_YOUR OBJECTIVE_
The material below is to be copied exactly from the line with "PokaDad Custom Embroidered" up to and including the line with "Retro Solid Wood", with nothing else kept and no pictures.

_DATA SHOWN_

--- --- ---

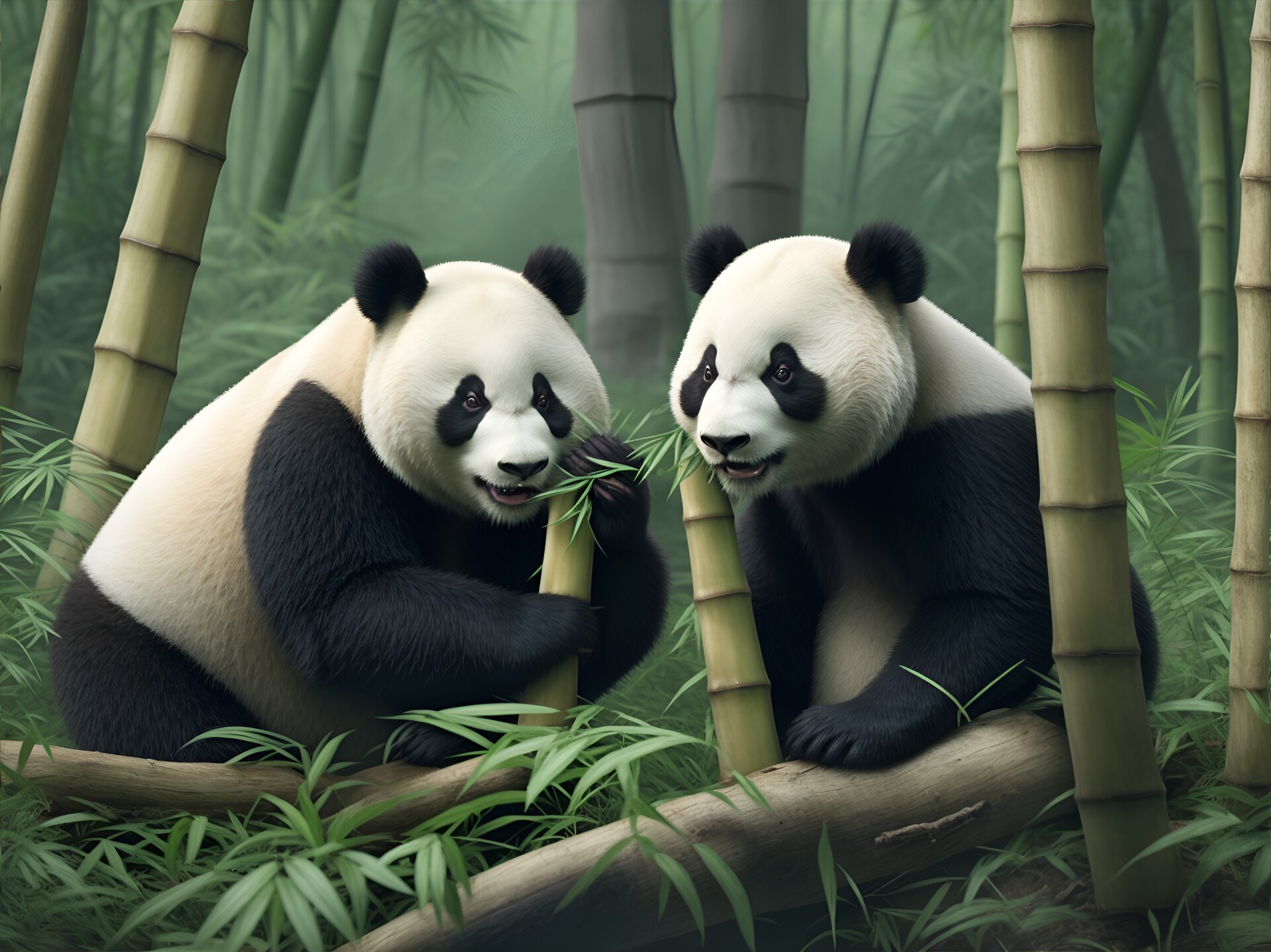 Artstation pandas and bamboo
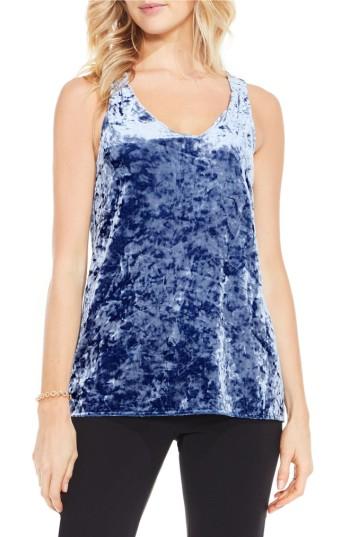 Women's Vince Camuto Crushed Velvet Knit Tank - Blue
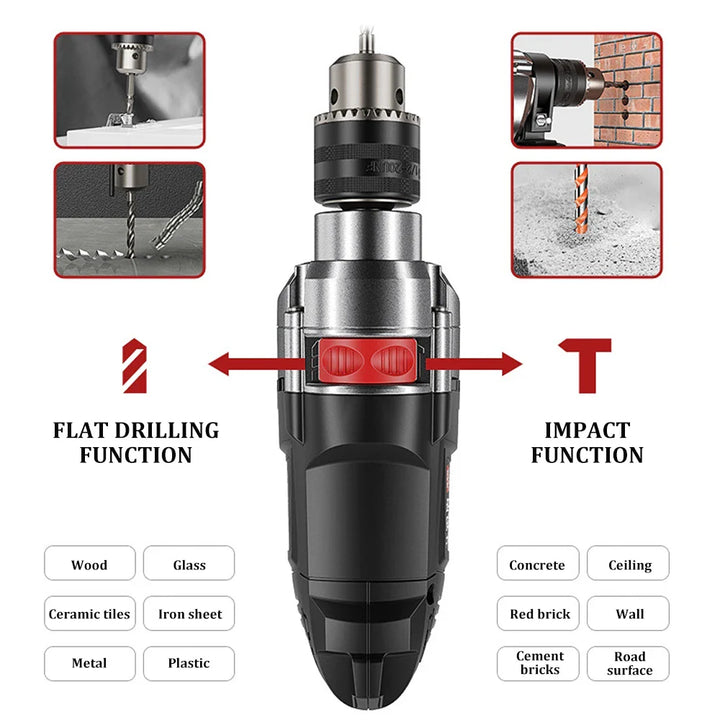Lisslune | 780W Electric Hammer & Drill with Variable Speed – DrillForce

--- --- ---

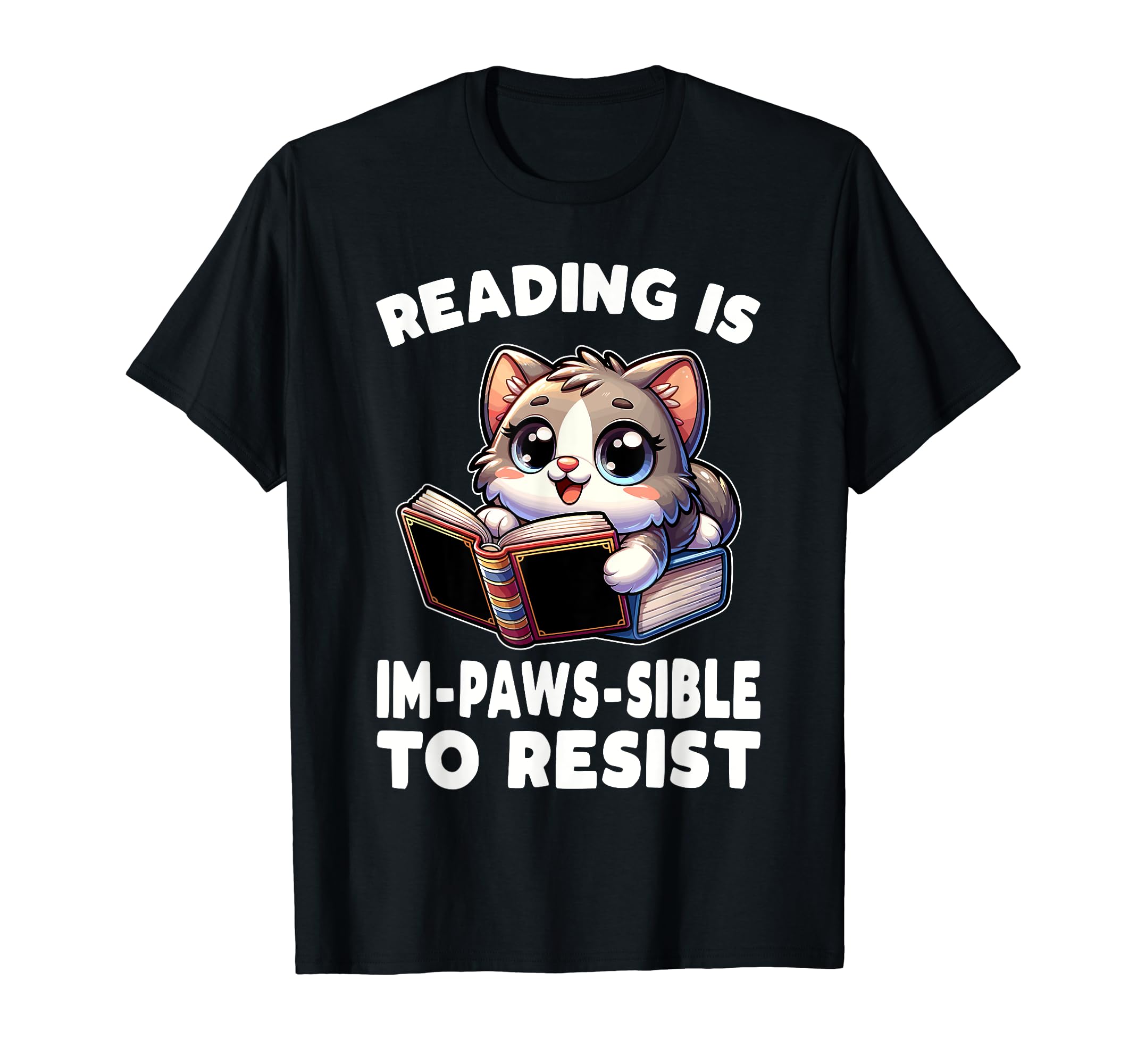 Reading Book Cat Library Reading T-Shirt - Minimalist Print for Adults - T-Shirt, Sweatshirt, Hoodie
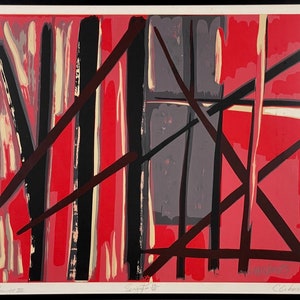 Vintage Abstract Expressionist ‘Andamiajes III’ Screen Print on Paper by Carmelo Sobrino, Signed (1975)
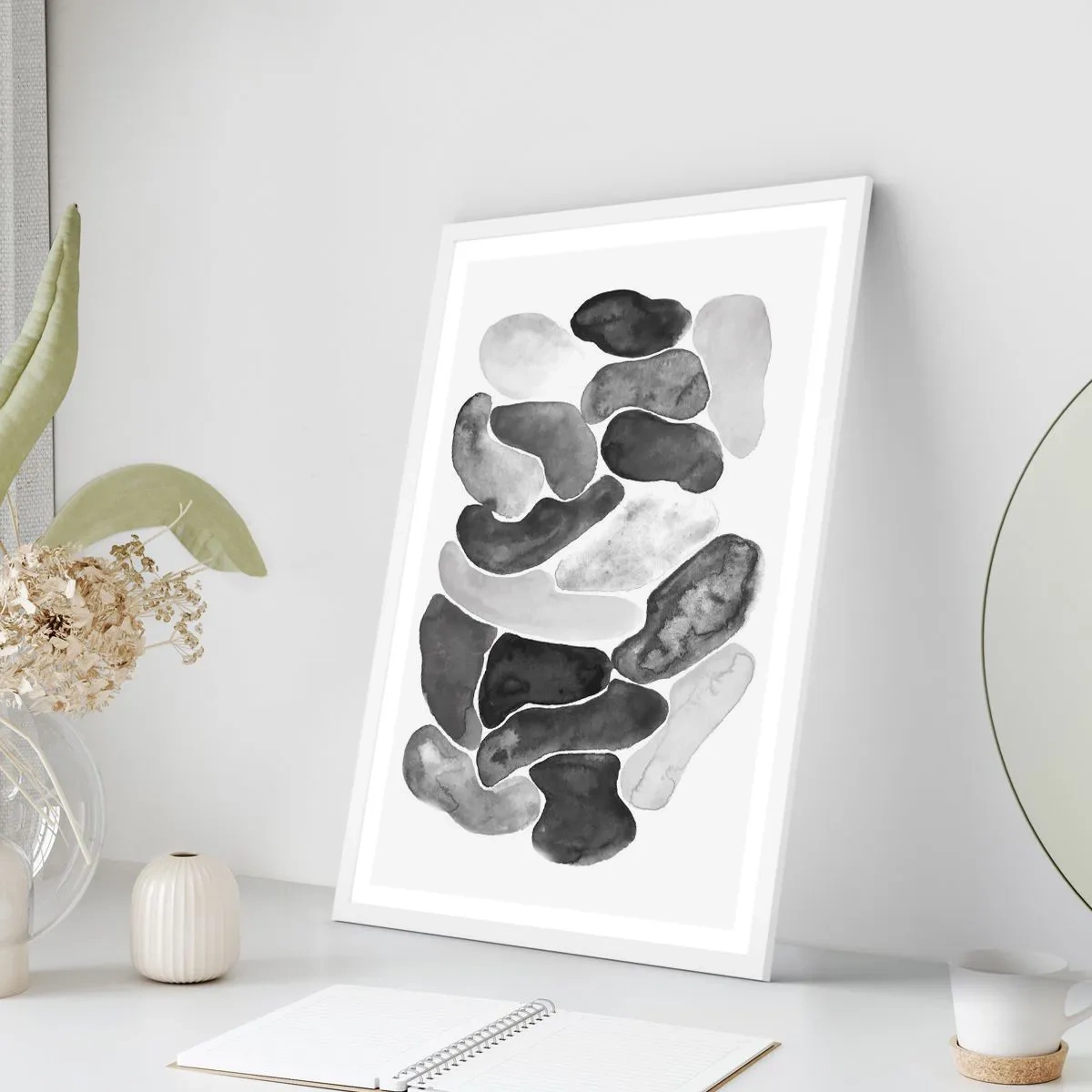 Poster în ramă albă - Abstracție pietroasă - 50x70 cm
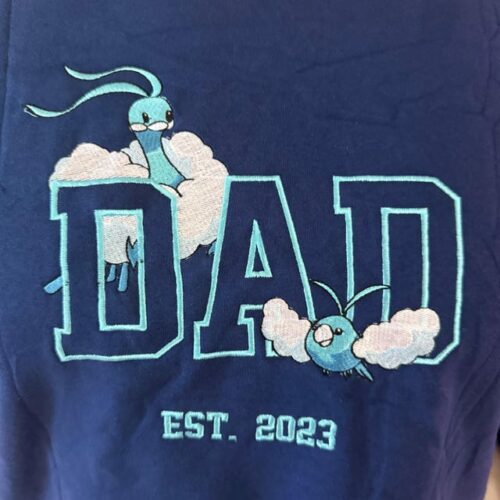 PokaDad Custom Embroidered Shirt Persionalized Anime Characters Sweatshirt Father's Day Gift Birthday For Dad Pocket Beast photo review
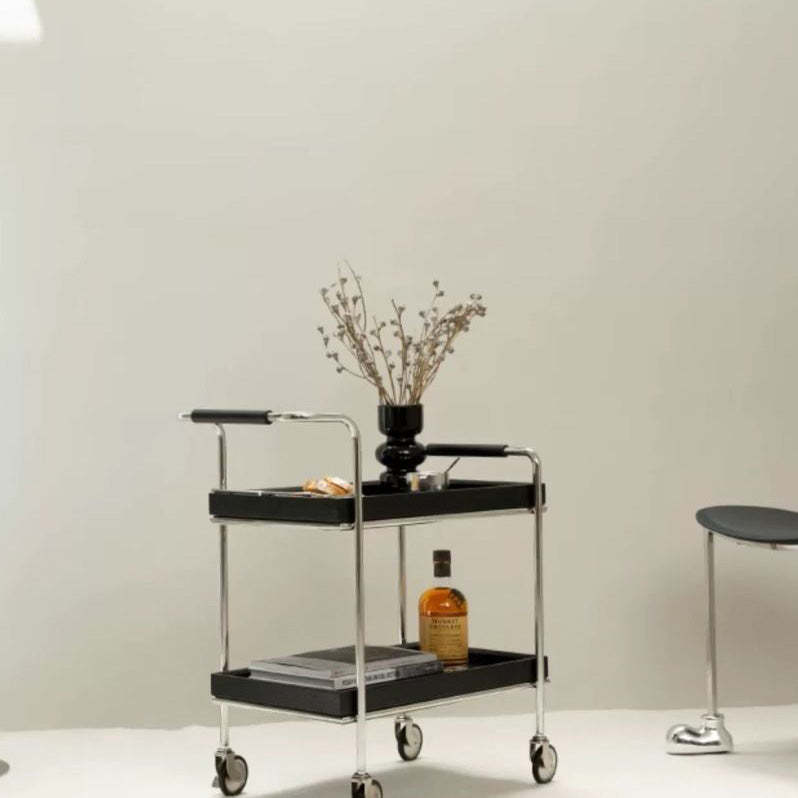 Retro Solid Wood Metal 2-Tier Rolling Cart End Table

--- --- ---

_ANSWER TO THIS EXERCISE_
 PokaDad Custom Embroidered Shirt Persionalized Anime Characters Sweatshirt Father's Day Gift Birthday For Dad Pocket Beast photo review
 Retro Solid Wood Metal 2-Tier Rolling Cart End Table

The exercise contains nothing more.